Pequeñas cosas sencillas y bonitas. A Andrés Ríos
Hay un hombre mayor en una estación americana que todos los días graba con su móvil la llegada del tren. Es una especie de rito que comparte con todo el mundo a través de YouTube. Da igual el día o la noche, la lluvia o el viento, el sol. Allí está con su cámara filmando la llegada del tren como un moderno Lùmiere o un Turner con nuevas tecnologías y buenas intenciones. El hombre se sabe de memoria los números de las locomotoras y los horarios y los musita como letanía.
Cuando llega el AMTRAK (así se llaman los trenes de pasajeros en USA) en todo su esplendor brillante, van bajando las barreras de los pasos a nivel y se encienden las señales y las campanas de alerta. Es un espectáculo repetitivo y relajante, el tren se acerca, las señales se activan, los coches se detienen, los peatones esperan, todo va bien. Los trenes AMTRAK son especialmente bonitos. Grandes, plateados, como un Ferrobús pero en versión nave espacial. En España hemos perdido el gusto por los trenes grandes y plateados, ahora son todos estilizados y encima con el vicio de llegar tarde muchas veces, o de quedarse paralizados en el medio de la nada, como lombrices arrasadas por el calor del verano. Seguro que los AMTRAK también llegan tarde, lo sabré si algún día me animo a viajar a esas tierras cruzando la Mar Océana.

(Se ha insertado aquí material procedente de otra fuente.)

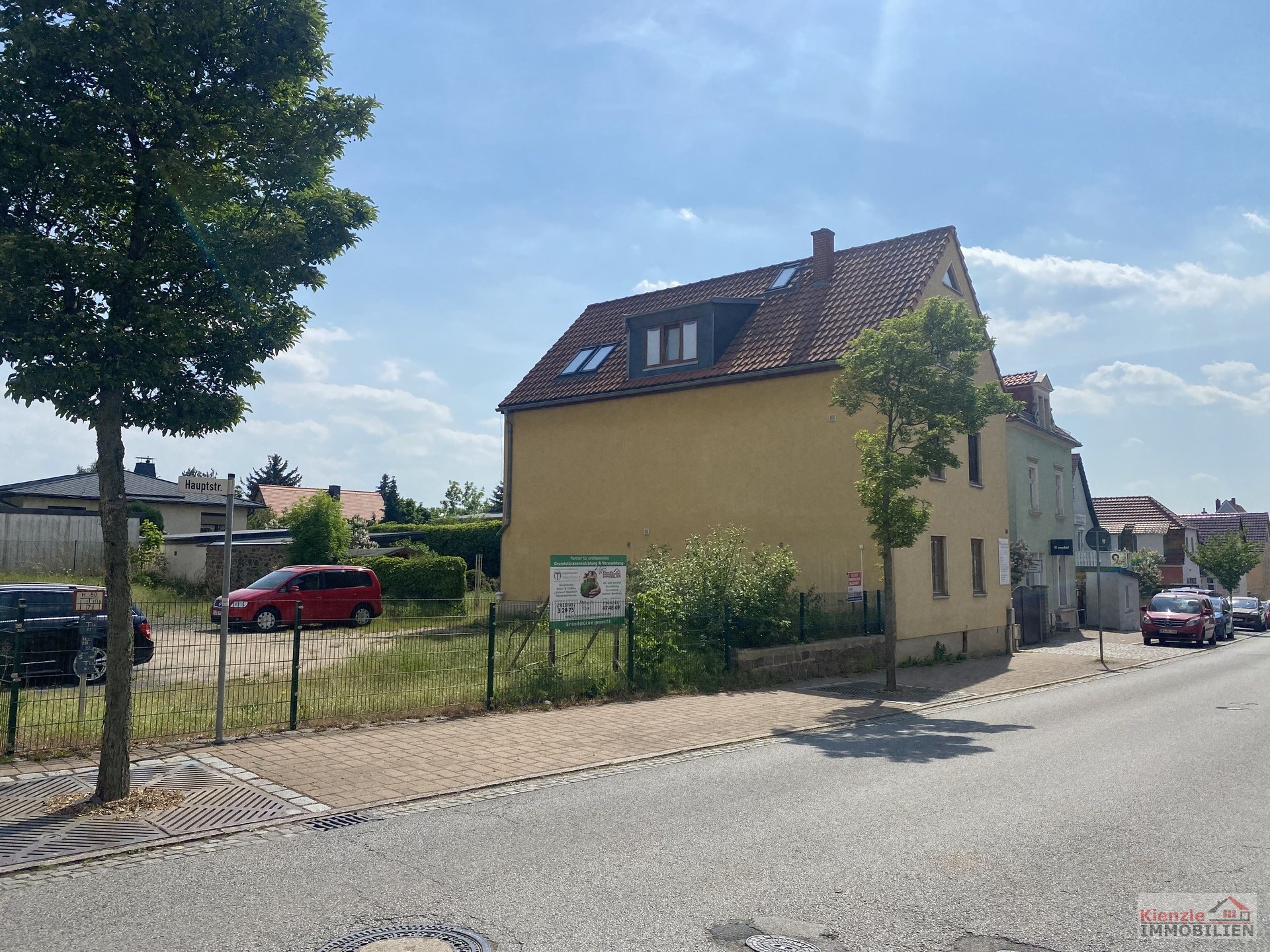 Kleines Mehrfamilienhaus plus Baugrundstück in Weinböhla!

Del AMTRAK se bajan todo tipo de personas: gordos americanos con su visera de algún equipo de béisbol, señoras del estilo “Chicas de Oro” con sus coloristas maletas de ruedas, familias numerosas de amish con sus gorros, sus cofias y sus niños laboriosos y educados (los amish no van en coche, van en carromatos porque reniegan del mundo moderno, pero el tren no lo rechazan, quizá porque es un medio de transporte civilizado), jóvenes surferos, amantes de los trenes que viajan solo por poder ver sus estaciones favoritas y también se baja el revisor, todo un personaje.
El revisor es un negro señorial, con aspecto de faraón egipcio de novela de Cristian Jacq. Con su gorra de plato, sus gafas y su uniforme, siempre habla con el hombre de la cámara y le cuenta novedades del viaje. Al revisor le dan propina porque ayuda con las maletas incluso cuando son las de la familia numerosa de los amish, con veinte bultos, bolsos y niños que no corretean ni gritan, semblantes serios, madre con bebé en brazos y abuelos que bajan de últimos. El revisor se luce, sabe que medio mundo lo mira y admira, podría salir en cualquier película de detectives de los años 70 con su porte y su voz profunda. O en un musical de Broadway, pero allí está, en su tren plateado ganándose el salario y clicando tickets siempre con una sonrisa amable, pero con los nervios a punto y los cinco sentidos alerta. Nadie se mete con el revisor, sabes que de un golpe te puede mandar al otro lado de las vías.
Hay algo tranquilizador y melancólico en ver trenes y estaciones. La gente que va y viene, los maquinistas que saludan con la bocina a los que graban, las luces y las barreras, los revisores uniformados, el ruido y el traqueteo, los amish que luego llegarán a su comunidad en su carromato de caballos negros.
Hoy estamos todos tristes por la marcha de un amigo y un gran hombre. Si hay un cielo, Andrés está allí. Muchas veces pasaba por delante de mi casa con su perrita y Hannibal, el perro del visillo, los saludaba con ladridos. Pequeñas cosas que echas de menos. Pequeñas cosas bonitas y sencillas, como ver pasar un tren plateado. O un gran hombre paseando a su perro.